Proof. See [Laz, Prop. IV.4.5]. $\square$
Thus, $R = S^{-1}k[x,y]$ for some multiplicative set $S \subseteq k[x,y]$. This implies that $V = X \setminus U$ is a union of (possibly infinitely many) divisors. Moreover, $V \cap D(x) \subseteq D(x)$ has finitely many components since $D(x)$ is Noetherian (and $\iota$ is an isomorphism over $D(x)$). But then $V \cap V(x)$ is either finite or all of $V(x)$. This contradicts the fact that $U \cap V(x)$ equals $\{0\}$ or $\{0,\eta_{V(x)}\}$ (depending whether $\eta_{V(x)} \in Y$). $\square$
References.
[Laz] D. Lazard, Autour de la platitude, Bull. Soc. Math. Fr. 97, 81-128 (1969). ZBL0174.33301.
[ML] S. Mac Lane, Categories for the working mathematician. Graduate Texts in Mathematics 5. New York-Heidelberg-Berlin: Springer-Verlag (1971). ZBL0232.18001.

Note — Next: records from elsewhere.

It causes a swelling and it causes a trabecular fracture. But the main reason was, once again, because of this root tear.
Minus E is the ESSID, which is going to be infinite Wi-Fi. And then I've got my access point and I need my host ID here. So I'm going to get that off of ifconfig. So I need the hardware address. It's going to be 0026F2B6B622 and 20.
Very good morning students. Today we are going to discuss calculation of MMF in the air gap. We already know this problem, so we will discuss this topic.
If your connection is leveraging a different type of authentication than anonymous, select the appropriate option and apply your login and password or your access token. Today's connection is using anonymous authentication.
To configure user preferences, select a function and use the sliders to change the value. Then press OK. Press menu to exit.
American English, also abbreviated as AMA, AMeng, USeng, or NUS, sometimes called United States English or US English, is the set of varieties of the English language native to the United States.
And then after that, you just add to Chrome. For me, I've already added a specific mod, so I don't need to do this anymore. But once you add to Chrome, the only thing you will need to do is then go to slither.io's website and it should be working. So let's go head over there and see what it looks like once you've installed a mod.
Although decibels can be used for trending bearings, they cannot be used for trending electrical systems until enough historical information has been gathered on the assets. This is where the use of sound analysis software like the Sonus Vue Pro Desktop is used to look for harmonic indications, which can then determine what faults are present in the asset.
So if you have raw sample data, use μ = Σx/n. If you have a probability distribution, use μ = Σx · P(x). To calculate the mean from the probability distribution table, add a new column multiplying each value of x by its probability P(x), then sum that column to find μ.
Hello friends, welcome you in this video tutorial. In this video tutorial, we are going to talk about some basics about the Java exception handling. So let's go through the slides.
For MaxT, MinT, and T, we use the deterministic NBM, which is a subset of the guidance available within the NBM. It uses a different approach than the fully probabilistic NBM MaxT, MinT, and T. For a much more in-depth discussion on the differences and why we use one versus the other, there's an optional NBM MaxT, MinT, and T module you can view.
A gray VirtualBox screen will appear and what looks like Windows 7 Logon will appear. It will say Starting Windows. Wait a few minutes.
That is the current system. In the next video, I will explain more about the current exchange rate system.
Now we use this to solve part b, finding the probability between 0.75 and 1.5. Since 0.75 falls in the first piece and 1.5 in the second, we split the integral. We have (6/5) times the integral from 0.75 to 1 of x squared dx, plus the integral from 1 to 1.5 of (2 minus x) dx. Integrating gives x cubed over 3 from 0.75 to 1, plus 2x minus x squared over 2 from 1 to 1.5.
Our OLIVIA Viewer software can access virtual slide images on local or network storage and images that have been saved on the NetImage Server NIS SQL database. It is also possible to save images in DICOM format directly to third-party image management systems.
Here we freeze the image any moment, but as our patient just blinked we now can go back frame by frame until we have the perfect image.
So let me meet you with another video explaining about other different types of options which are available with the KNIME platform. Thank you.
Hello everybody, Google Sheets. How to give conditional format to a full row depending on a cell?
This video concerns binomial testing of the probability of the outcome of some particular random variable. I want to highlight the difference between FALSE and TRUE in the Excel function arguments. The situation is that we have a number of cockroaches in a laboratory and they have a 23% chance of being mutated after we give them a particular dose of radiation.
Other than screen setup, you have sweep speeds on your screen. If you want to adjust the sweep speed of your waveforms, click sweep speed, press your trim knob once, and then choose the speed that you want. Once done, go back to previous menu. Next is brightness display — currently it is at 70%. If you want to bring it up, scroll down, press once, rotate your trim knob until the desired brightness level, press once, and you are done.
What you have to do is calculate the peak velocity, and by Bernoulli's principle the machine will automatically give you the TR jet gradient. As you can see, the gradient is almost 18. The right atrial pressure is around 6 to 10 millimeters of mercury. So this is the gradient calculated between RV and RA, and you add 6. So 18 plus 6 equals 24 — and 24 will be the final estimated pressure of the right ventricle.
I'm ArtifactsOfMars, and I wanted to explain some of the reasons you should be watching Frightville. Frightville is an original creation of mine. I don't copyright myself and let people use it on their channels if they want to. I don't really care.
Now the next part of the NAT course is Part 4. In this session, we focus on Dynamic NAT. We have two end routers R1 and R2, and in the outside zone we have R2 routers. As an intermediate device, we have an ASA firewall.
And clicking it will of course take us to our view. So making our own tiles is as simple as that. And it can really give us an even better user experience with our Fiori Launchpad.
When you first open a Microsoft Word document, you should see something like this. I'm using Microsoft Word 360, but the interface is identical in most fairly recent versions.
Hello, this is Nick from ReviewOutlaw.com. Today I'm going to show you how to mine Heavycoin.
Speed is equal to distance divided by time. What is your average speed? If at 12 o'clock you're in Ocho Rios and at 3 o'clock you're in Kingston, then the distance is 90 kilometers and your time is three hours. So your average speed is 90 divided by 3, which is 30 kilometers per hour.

[Sam] P. Samuel et al., Séminaire d’algèbre commutative (1967/68): Les épimorphismes d’anneaux. Paris: École Normale Supérieure de Jeunes Filles (1968). ZBL0159.00101.
Best Answer
Let $k$ be a field. Take $Y=\mathrm{Spec}\,k[[t]]$, and take for $X$ the disjoint sum of the closed subschemes $X_n:=\mathrm{Spec}\,k[[t]]/(t^n)$ ($n>0$). Put $Z=X\times_Y X$ with the two obvious maps to $X$. A coequalizer is just a direct limit of the system $X_1\hookrightarrow\dots X_n\hookrightarrow X_{n+1}\hookrightarrow\dots$ in the category of schemes (look at the definition!). Clearly, $Y$ is a direct limit in the category of affine schemes, hence also in the category of schemes since the $X_n$'s are one-point schemes and every compatible system of morphisms $(X_n\to T)_{n>0}$ must factor through an affine open subscheme of $T$.
So, $X\to Y$ is a coequalizer of $pr_1, pr_2 :Z\to X$, but its set-theoretic image is the closed point.